Friday, May 27, 2016

History as a story

There are historical novels and then there is history told in the form of novels. One kind uses history to tell stories. The other uses stories to tell history. Edward Rutherfurd's London (1997) is a good example of the latter type. He attempts to cover the entire history of the city, from before the Romans arrived to the present day, through the lives of a few families. These families may be fictional, but they brush shoulders with historical figures such as Geoffrey Chaucer and William Shakespeare and they become involved in such major events in English history as the Norman conquest, the Black Death, the Great Fire, the building of St. Paul's Cathedral, the Crystal Palace and the Blitz. The author places momentous events and important personages in the context of ordinary people whose lives they impacted.

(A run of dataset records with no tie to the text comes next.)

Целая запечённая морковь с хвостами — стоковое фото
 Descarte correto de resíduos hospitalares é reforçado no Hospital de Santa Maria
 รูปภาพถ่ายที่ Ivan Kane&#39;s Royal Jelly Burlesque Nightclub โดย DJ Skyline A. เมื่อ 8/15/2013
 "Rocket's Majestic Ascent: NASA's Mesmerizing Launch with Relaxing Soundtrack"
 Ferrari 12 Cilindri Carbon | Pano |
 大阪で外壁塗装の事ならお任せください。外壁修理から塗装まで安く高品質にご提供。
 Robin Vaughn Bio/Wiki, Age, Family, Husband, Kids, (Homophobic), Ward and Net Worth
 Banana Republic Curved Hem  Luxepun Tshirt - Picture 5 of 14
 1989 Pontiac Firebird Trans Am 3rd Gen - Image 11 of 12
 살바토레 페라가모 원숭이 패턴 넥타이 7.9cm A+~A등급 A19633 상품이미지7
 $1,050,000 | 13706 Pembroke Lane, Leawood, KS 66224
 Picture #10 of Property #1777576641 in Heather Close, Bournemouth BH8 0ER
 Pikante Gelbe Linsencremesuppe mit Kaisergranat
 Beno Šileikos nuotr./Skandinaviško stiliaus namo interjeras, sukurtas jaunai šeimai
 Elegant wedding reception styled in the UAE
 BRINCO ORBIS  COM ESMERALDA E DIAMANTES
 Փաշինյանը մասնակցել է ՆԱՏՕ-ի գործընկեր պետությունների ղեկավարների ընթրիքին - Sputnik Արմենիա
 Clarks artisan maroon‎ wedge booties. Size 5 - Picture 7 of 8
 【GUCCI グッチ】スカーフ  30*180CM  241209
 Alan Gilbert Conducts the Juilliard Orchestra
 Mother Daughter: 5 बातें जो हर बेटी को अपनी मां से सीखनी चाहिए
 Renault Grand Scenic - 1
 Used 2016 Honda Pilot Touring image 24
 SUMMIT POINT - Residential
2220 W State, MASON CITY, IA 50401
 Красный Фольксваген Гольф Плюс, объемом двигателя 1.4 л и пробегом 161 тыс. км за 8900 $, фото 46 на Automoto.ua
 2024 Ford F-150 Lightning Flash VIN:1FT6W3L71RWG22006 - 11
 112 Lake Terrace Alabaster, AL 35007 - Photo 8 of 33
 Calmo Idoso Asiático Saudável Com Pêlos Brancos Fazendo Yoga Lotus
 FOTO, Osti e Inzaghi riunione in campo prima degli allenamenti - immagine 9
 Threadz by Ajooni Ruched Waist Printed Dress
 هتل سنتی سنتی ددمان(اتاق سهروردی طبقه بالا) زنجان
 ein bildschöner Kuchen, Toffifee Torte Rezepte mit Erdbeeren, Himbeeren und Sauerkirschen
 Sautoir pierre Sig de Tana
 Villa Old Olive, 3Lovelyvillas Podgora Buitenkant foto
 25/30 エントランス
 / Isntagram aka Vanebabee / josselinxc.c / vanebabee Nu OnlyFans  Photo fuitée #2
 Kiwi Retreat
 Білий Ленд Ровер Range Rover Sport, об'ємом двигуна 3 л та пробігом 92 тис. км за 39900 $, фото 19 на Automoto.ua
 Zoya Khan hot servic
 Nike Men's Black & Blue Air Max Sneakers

Because the novel covers more than 2,000 years, it necessarily becomes a series of related short stories, some better than others but all worth reading as much for the history they relate as for the stories themselves. Some characters hang around for two or three chapters, but eventually they are replaced, as in real life, by children and grandchildren who pick up the story. Rutherfurd's characters cover London society from the titled class to the servant class, sometimes within the same family. Family trees at the beginning of the book help the reader keep straight who is related to whom.

Both the novel's first and last chapters have the same title, "The River." The Thames is London's one constant, the only thing that has been there since the beginning and will continue long after the final page.